A considerable surge in cancer incidence in the US is projected among its aging population, with over 70% of cancer patients being aged 65 years or older.[28] There are a wide variety of guideline-based treatment options available to patients with MBC, along with different treatment logistics that can be tailored to their individual preferences.[22, 29] Furthermore, existing tools like Comprehensive Geriatric Assessment (CGA) help evaluate the medical, psychological and functional capabilities of these patients, assisting healthcare providers gain a deeper understanding of their health status, comorbidities and overall capacity to withstand various treatments.[30] By gaining insights into patients' preferences and incorporating time toxicities during CGA, healthcare providers can modify treatment guidelines and practice provisions to develop a time-efficient Oncology Care Model for older adults with cancer and facilitate shared decision-making choosing treatments that are truly congruent with the goals of care. Our study is novel in that it investigates and compares time toxicities between old and very old patients with MBC and reaffirms that medical comorbidities are major contributors to increased time toxicity independent of age.
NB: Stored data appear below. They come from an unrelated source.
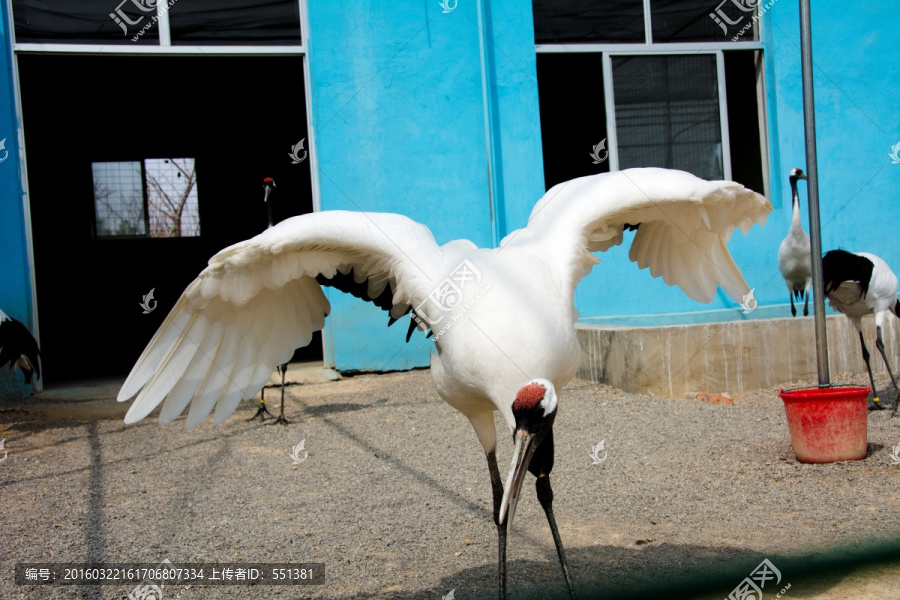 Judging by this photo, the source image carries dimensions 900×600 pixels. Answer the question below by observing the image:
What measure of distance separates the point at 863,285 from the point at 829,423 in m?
2.21

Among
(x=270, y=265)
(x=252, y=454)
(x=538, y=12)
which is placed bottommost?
(x=252, y=454)

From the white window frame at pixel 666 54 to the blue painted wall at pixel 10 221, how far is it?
226 inches

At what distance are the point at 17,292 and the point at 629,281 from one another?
6413mm

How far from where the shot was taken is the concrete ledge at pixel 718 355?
272 inches

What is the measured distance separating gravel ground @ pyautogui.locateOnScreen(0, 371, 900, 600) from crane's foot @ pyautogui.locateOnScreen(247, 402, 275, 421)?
4.9 inches

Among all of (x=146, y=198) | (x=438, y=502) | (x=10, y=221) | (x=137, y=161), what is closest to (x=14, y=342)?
(x=10, y=221)

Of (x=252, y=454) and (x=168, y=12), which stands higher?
(x=168, y=12)

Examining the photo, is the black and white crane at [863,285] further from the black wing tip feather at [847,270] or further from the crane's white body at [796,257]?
the crane's white body at [796,257]

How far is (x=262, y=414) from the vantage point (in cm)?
709

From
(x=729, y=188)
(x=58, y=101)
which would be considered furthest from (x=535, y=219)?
(x=58, y=101)

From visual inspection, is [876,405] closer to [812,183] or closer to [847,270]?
[847,270]

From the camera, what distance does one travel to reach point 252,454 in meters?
5.83

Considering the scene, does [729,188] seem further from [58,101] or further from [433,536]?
[58,101]

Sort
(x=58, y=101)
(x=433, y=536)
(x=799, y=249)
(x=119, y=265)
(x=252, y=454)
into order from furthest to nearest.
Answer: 1. (x=119, y=265)
2. (x=58, y=101)
3. (x=799, y=249)
4. (x=252, y=454)
5. (x=433, y=536) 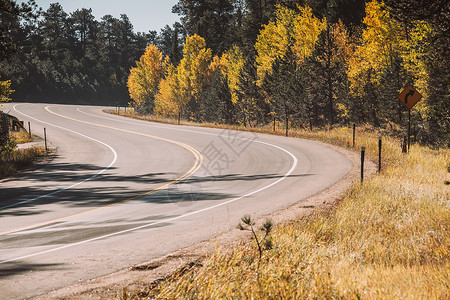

There are several limitations of this study. First, we have not considered factors such as time spent in nursing/rehabilitation facilities, home-based care, tele-health appointments, traveling for appointments, coordinating care, or time spent by caregivers, which are essential for a comprehensive assessment of time toxicities. This was an inherent limitation of the retrospective SEER-Medicare database. Clinical trials present a promising opportunity to gather data on time toxicity; however, clinical trial populations differ substantially from and are generally healthier than real-world populations and the trial protocol itself may be more time-consuming than standard-of-care.[31, 32] Second, the time toxicities associated with individual treatment types are not mutually exclusive and may underestimate the associated time toxicities due to the overlap of patients receiving multiple forms of treatments. Moreover, our analysis doesn't rule out the significance and clinical consequences of reducing or delaying cancer treatment doses, which is more common in older patients at higher risk, potentially lowering side effects and related complications. Future studies can focus on time toxicities associated with individual treatment regimens as these might be informative for comparative research.[32, 33] Third, our measure of time toxicity does not take into account the duration of healthcare contact, which can range from minutes to hours spent in a day.[34] An all-encompassing measure of time toxicity may not adequately capture the experiences and sources of toxicity that may differ for patients based on their socioeconomic status, race, age, and access to resources. Therefore, relying solely on a single overall time toxicity number may be misleading.